İrlanda'daki Atlantic Technological University Sligo'da adli tıp bilimcisi olarak çalışan Profesör John Cassella, kemiklerin tuzlu suda hızla bozulduğunu söyledi. Profesör Cassella verdiği röportajda, “Kemik, esas olarak kalsiyum ve fosfattan fakat daha birçok küçük molekülden oluşan hidroksiapatit adı verilen bir mineralden oluşuyor” diye konuştu. Profesör Cassella, 100 yıl sonra bile kalıntılarda hâlâ insan kemiklerinin bulunabileceğini ancak bunun tuzlu su seviyelerine, suyun pH'ına ve mikroorganizmaların etkilerine bağlı olduğunu da ekledi. Profesör Cassella, “Çok sayıda kemik kalmış olabilir ama enkazın içinde ve çevresinde o kadar geniş bir alana dağılmışlar ve alüvyonla kaplılar, bu yüzden onları tanımlamak çok zor” dedi.
BİN 160 CESET HİÇ BULUNAMADI
Bin 514 kişi, Titanik battıktan sonra 3 saat içinde hayatını kaybetti.
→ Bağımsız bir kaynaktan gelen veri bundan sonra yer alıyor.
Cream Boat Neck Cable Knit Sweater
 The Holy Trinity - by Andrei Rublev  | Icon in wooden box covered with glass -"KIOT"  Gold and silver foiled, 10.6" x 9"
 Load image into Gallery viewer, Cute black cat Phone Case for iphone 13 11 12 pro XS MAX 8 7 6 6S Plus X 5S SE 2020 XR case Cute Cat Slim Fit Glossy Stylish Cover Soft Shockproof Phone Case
Bu insanlar filikalara binememiş, gemide kalmayı tercih etmiş ya da mecburen Atlantik’in 4 derecelik sularında donarak ölmüşlerdi. Bazıları hiç bulunamamış olsa da can yeleği giyme fırsatı bulan ve su yüzünde kalanları cansız bedenleri kazadan sonra bölgeye gelen diğer gemiler tarafından alınmıştı. Okyanus yüzeyinde can yeleklerini giymiş halde bulunan yaklaşık 340 ceset çıkarıldı. Ancak bin 160 ceset hiçbir zaman bulunamadı. Bazıları 5 gün önce yola çıkan gemiye binmeden önce sevdiklerini son kez görmüştü. Titanik’te öldükten sonra cansız bedenleri hiç bulunamayanlar arasında ABD'li iş adamı Benjamin Guggenheim, Liverpool doğumlu gemi görevlisi Thomas Peter O'Connor ve geminin kaptanı Edward Smith de vardı. Felaketi takip eden 112 yıl boyunca da Titanik'e yapılan keşif gezilerinde hiçbir insan kalıntısına rastlanmadı.